In Step-Saver,[147] on the facts that inspired scenario B, the U.S. Court of Appeals for the Third Circuit wrote that the parties had established a contract by conduct, and the only question about that contract concerned its terms.[148] To decide what those terms were, the court applied U.C.C. section 2-207.[149] The court ruled that under 2-207, the box-top license would materially alter the terms to which the parties had both agreed and therefore drop out of the agreement.[150]

The court declined to apply the U.C.C.'s section 2-209, which allows contract modification without consideration, to enforce the box-top license's terms.[151] Despite the ongoing nature of the parties' relationship, the court found that they had not agreed to the licensor's terms through a course of dealing.[152] In the court's view, the licensor's repeated dispatch of those terms demonstrated nothing more than its inability to get them by negotiation.[153]

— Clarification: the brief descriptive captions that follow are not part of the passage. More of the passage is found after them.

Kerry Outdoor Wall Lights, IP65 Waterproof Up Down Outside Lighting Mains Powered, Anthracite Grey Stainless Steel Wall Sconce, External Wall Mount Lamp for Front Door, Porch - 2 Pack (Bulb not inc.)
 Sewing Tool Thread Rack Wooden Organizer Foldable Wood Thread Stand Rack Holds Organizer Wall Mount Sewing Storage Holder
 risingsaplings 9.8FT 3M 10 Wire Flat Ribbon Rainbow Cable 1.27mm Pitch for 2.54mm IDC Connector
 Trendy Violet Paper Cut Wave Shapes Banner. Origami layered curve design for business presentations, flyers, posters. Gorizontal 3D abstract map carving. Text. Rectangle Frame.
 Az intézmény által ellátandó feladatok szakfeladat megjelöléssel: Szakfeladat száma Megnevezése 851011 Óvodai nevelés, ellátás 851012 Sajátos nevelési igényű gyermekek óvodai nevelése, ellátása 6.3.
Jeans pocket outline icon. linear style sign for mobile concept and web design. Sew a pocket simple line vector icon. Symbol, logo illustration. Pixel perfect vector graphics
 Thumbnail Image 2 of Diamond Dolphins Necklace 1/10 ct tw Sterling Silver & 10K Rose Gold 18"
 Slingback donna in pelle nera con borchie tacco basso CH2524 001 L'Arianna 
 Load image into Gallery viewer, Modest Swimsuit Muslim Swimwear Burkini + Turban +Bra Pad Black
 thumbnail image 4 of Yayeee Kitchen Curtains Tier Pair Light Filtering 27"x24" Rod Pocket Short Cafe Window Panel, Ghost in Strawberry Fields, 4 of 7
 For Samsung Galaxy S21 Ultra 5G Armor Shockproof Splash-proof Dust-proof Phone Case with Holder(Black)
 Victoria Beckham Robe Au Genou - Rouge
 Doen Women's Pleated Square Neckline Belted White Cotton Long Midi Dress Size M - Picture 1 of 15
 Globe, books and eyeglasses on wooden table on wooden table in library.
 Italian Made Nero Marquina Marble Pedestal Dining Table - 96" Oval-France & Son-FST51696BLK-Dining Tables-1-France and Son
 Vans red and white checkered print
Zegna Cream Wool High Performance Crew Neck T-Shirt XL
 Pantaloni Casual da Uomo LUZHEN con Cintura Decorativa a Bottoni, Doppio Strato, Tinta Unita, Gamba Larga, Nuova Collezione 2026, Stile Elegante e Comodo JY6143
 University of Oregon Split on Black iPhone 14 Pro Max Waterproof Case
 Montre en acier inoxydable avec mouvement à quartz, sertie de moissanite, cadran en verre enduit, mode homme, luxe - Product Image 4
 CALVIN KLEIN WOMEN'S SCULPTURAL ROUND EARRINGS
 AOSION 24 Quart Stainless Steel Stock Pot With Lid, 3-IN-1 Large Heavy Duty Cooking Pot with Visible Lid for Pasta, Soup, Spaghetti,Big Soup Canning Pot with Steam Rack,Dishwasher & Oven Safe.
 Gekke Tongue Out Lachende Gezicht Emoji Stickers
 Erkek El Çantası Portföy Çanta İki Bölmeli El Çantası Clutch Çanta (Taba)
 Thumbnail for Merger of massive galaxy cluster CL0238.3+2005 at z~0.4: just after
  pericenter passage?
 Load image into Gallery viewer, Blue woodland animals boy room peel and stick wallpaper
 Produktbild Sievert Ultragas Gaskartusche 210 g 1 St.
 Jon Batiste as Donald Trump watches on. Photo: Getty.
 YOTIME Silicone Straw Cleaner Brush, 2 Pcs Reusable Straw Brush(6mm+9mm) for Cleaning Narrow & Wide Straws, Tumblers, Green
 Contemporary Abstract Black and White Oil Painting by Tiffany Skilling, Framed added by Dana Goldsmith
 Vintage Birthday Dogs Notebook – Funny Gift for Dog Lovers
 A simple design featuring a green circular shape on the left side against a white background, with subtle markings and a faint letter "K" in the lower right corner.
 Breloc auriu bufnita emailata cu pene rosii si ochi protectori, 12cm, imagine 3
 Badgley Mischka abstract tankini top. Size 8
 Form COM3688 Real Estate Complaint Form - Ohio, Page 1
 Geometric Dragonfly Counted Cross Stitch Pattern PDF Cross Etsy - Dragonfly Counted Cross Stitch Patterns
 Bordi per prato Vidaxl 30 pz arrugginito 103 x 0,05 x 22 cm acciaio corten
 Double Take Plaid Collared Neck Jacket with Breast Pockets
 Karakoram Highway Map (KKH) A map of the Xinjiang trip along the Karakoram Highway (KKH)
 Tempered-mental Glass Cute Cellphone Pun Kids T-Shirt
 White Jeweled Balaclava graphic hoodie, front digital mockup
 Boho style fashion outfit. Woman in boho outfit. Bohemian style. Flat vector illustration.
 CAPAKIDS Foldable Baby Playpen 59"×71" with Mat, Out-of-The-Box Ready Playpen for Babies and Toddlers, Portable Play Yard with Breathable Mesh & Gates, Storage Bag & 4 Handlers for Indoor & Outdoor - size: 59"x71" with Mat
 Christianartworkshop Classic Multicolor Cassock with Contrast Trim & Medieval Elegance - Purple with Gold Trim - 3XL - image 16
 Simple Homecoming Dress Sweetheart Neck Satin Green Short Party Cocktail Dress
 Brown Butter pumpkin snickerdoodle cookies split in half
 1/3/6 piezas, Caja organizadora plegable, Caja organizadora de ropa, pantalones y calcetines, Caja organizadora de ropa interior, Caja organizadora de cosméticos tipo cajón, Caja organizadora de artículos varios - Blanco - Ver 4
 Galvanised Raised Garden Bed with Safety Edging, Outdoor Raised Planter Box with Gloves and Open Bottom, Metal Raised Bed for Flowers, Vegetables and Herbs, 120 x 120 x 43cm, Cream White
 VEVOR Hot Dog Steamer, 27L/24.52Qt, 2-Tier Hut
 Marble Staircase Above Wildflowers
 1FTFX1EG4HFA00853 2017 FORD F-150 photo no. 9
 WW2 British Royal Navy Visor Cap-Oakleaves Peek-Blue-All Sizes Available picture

Explaining its conclusions, the court reasoned that to enforce the box-top license as a contract modification or otherwise would effectively countenance the so-called "last-shot" doctrine, which U.C.C. section 2-207 rejects.[154] Under the "last-shot" doctrine, every time the parties exchange a form that includes different terms, it kills the standing offer and creates a new offer.[155] In the world of the "last shot," when the other party accepts this offer, it forms a contract -- but not before.[156] Thus, the contract follows the last exchange, allowing the party who fired off the last form to set the terms of the contract.[157]

The court found this approach inconsistent with the U.C.C. because the drafters of section 2-207 believed that parties engaged in a battle of the forms mechanically exchange forms without trying to negotiate contract terms.[158] For this reason, the drafters wrote 2-207 to facilitate the parties' reliance on a contract, and 2-207 incorporates only the terms common to both parties' forms.[159] [page 281]

3. The CISG's Battle of the Forms Does Not Apply to Rolling Contract Formation.

Unlike the U.C.C.,[160] the CISG takes the last shot approach to the battle of the forms.[161] Codifying the mirror image rule,[162] Article 19 says that a "reply to an offer which purports to be an acceptance"[163] is a counteroffer if it adds, limits, or modifies the terms of the offer.[164] The counteroffer kills the offer.[165] Nonetheless, Article 19 permits the offeree -- unless the offeror objects -- to add or change some terms of the offer in her reply if those added or changed terms do not "materially alter the terms of the offer."[166] If the change is not material and there is no objection, a contract will form pursuant to the reply's terms [167] -- that is, pursuant to the last shot. Notably, last shot contract formation seldom happens under the CISG because the CISG's definition of materiality [168] is so broad that one scholar has characterized it as including practically every kind of reply.[169]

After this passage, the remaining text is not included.